Senate debates

Tuesday, 26 November 2024

Bills

Help to Buy Bill 2023, Help to Buy (Consequential Provisions) Bill 2023; In Committee

12:28 pm

Photo of Andrew BraggAndrew Bragg (NSW, Liberal Party, Shadow Assistant Minister for Home Ownership) Share this | Hansard source

I indicate that we will not be supporting this bill or these amendments. The reason for that is that we believe that the government, having presided over a massive collapse in housing construction—from as high as 220,000 houses in 2018 down to 160,000 houses this year, the same amount of houses that we had in 1989 when the population was just 17 million—has created a terrible situation for so many, particularly younger, Australians—millennials, gen Z—who feel that the Australian dream is out of reach for them. A large part of that is because of the collapse in housing construction. It's very hard to solve this problem of housing—we all care about housing—unless you get the houses built. Ultimately, the numbers don't lie. We're down to 160,000 houses this year. So we are in a terrible position in this country on the supply side. The government, seemingly having given up on supply, now wants us to consider a demand-side bill for which no modelling has been done by the government on its impact and which is very clearly only going to work at the absolute margins for very few people.

These shared-equity schemes have been massively unpopular for cultural reasons. Australians do not want to co-own their house with any government, and the reason that these schemes have been so unpopular at the state and territory level is all the problems that that proposes. The Australian dream is not about co-owning your house with Mr Albanese or any government.
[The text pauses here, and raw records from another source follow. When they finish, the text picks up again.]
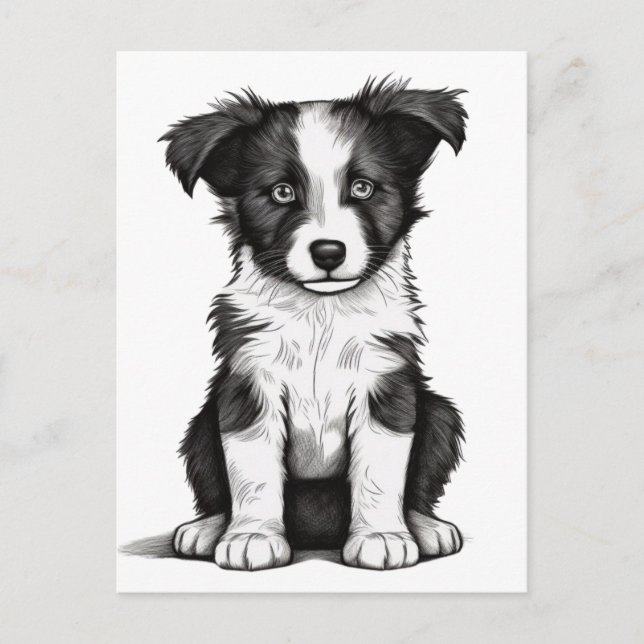 Cartão Postal Borda Collie Sheepdog Australiano Shephard Puppy (Frente)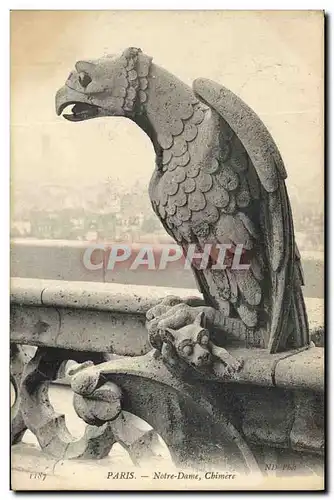 Cartes postales Gargouille Paris Notre Dame Chimere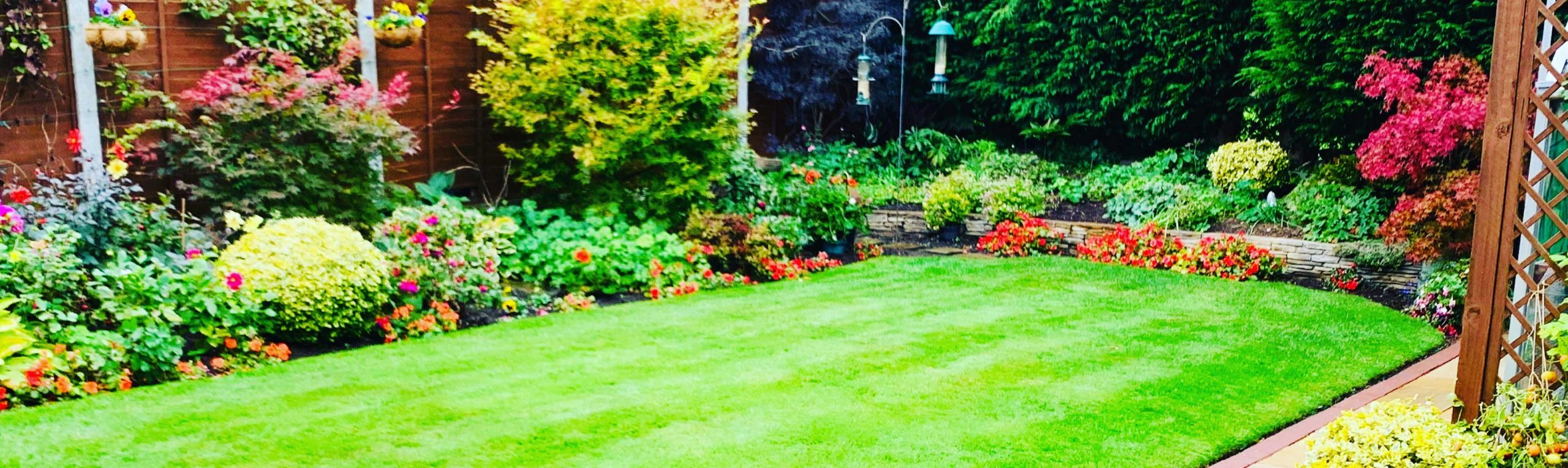 DSM Lawn Care West Midlands DSM Lawn Care West Midlands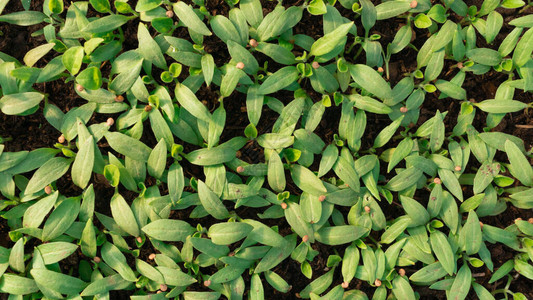 温室中的茄子幼苗小豆芽平躺花卉农业农业综合企业在家种植蔬菜有机蔬菜农图片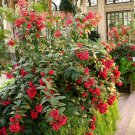 Cestrum Newellii Red Aka Hummingbird Plant Or Red Jasmine Well Rooted Starter Plant Hummingbird Para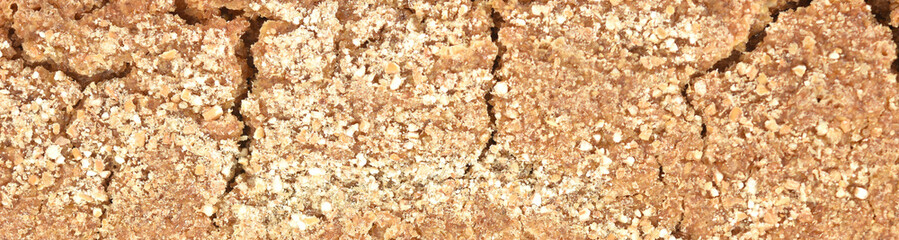 texture of rye bread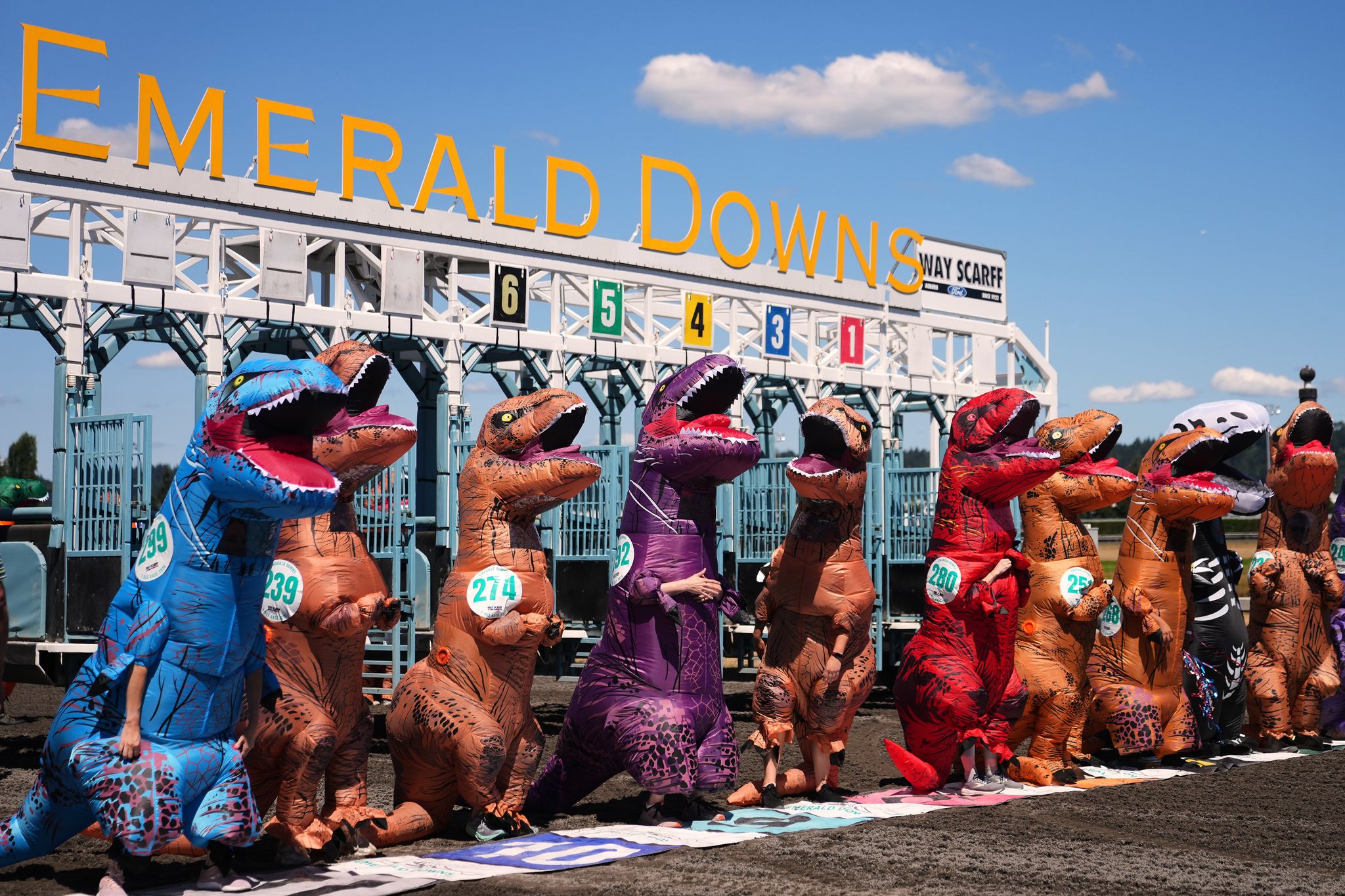 Fotos: Carreras de dinosaurios inflables en Emerald Downs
These shared-equity schemes have been undersubscribed at the state level, and so the idea that the Commonwealth would come in now and seek to put in place a shared-equity scheme as their only demand-side measure, without any other consideration of other demand-side policies that they may be able to deploy to support what is ultimately a supply challenge, is very regrettable. So we are opposed to the Help to Buy Bill for cultural reasons. But we are also opposed to it because it is not very imaginative. There are other things that the government could have done to help people with a deposit. They could have opened up superannuation, but they don't want to do that because that doesn't suit their vested interests. They could have looked at the lending laws. It's pretty hard to get a first house without a mortgage, but they haven't bothered to look at the mortgage rules. This is their only policy.

As we traversed this at Senate estimates with Senator Gallagher, the Minister for Finance, she made it very clear that this is the government's only demand-side policy. This is it—a friendless shared-equity scheme, one that will cost the Commonwealth $5.5 billion and offer a maximum of 40,000 places. To give you an idea of the scale of the problem, we need to be building about a quarter of a million houses a year in this country. This is a tiny but very expensive scheme which has already proven to be very unpopular.

I indicate that we will be opposing this bill. We will be opposing all of the amendments in this debate, and I look forward to asking some questions now we're in committee of the whole. I might see if others want to make a contribution before I do that.